The purpose of the demo scenario is to get customer group data including the corresponding payment term information inserted in our test table. To do this I have written this job:

 

static void DEMO_Query_InsertRecordSet(Args _args)
{
    TESTQuery2Record testTable;
    Map fieldMapping;
    Query query;
    QueryBuildDataSource qbds_custGroup;
    QueryBuildDataSource qbds_paymTerm;
    QueryBuildFieldList fldList_custGroup;
    QueryBuildFieldList fldList_paymTerm;

    // Empty the target test table
    // ---------------------------
    delete_from testTable;

    // Build the query
    // ---------------
    query = new Query();
    qbds_custGroup = query.addDataSource(tableNum(CustGroup));
    qbds_paymTerm = qbds_custGroup.addDataSource(tableNum(PaymTerm));
    qbds_paymTerm.addLink(fieldNum(CustGroup, PaymTermId), fieldNum(PaymTerm, PaymTermId));

    // Field lists are required
    // ------------------------
    fldList_custGroup = qbds_custGroup.fields();
    fldList_custGroup.addField(fieldNum(CustGroup, CustGroup));
    fldList_custGroup.addField(fieldNum(CustGroup, Name));
    fldList_custGroup.dynamic(QueryFieldListDynamic::No);

    fldList_paymTerm = qbds_paymTerm.fields();
    fldList_paymTerm.addField(fieldNum(PaymTerm, PaymTermId));
    fldList_paymTerm.addField(fieldNum(PaymTerm, Description));
    fldList_paymTerm.dynamic(QueryFieldListDynamic::No);

    // Specify the mapping between target and source
    // ---------------------------------------------
    fieldMapping = new Map(Types::String, Types::Container);
    fieldMapping.insert(fieldStr(TESTQuery2Record, CustGroupId), [qbds_custGroup.uniqueId(), fieldStr(CustGroup, CustGroup)]);
    fieldMapping.insert(fieldStr(TESTQuery2Record, CustGroupName), [qbds_custGroup.uniqueId(), fieldStr(CustGroup, Name)]);
    fieldMapping.insert(fieldStr(TESTQuery2Record, PaymTermId), [qbds_PaymTerm.uniqueId(), fieldStr(PaymTerm, PaymTermId)]);
    fieldMapping.insert(fieldStr(TESTQuery2Record, PaymTermDesc), [qbds_PaymTerm.uniqueId(), fieldStr(PaymTerm, Description)]);

    // Let AX handle getting data from the query to the target table
    // -------------------------------------------------------------
    query::insert_recordset(testTable, fieldMapping, query);

    // Done!
    // -----
}

So what is happening when we execute the above. Besides the delete_from we will see to queries executed on the SQL server.
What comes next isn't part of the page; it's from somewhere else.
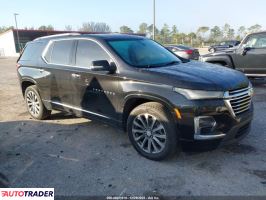 Chevrolet Traverse - zobacz ofertę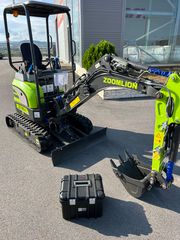 Εκσκαφάκι (διαβολάκι) Sany 2026 ZE18GU 1.800kg Kubota Κινητήρα ***TruckCrane***-thumb-13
1. Execution of the query and adding the data to a temporary table:

SELECT T1.CUSTGROUP AS f1,
       T1.NAME AS f2,
       T2.PAYMTERMID AS f3,
       T2.DESCRIPTION AS f4,
       N'usmf' AS DATAAREAID,
       1 AS RECVERSION,
       5637144576 AS PARTITION,
       IDENTITY(BIGINT, 1, 1) AS RECID
INTO [##ax_tmp_usmf8_113_103617]
FROM CUSTGROUP T1
CROSS JOIN PAYMTERM T2
WHERE (
        (T1.PARTITION = @P1)
    AND (T1.DATAAREAID = @P2)
      )
    AND (
    (
        (T2.PARTITION = @P3)
    AND (T2.DATAAREAID = @P4)
    )
    AND (T1.PAYMTERMID = T2.PAYMTERMID)
      )
ORDER BY T1.CUSTGROUP

2. Inserting the data from the temporary table in the target table

INSERT INTO TESTQUERY2RECORD (
    CUSTGROUPID,
    CUSTGROUPNAME,
    PAYMTERMID,
    PAYMTERMDESC,
    DATAAREAID,
    RECVERSION,
    PARTITION,
    RECID
 )
SELECT F1,
       F2,
       F3,
       F4,
       DATAAREAID,
       RECVERSION,
       PARTITION,
       RECID + 5637144596
FROM [##ax_tmp_usmf8_113_103617]

The effect of this is x number of records queried and inserted in 1 roundtrip to the SQL server and still based on a query.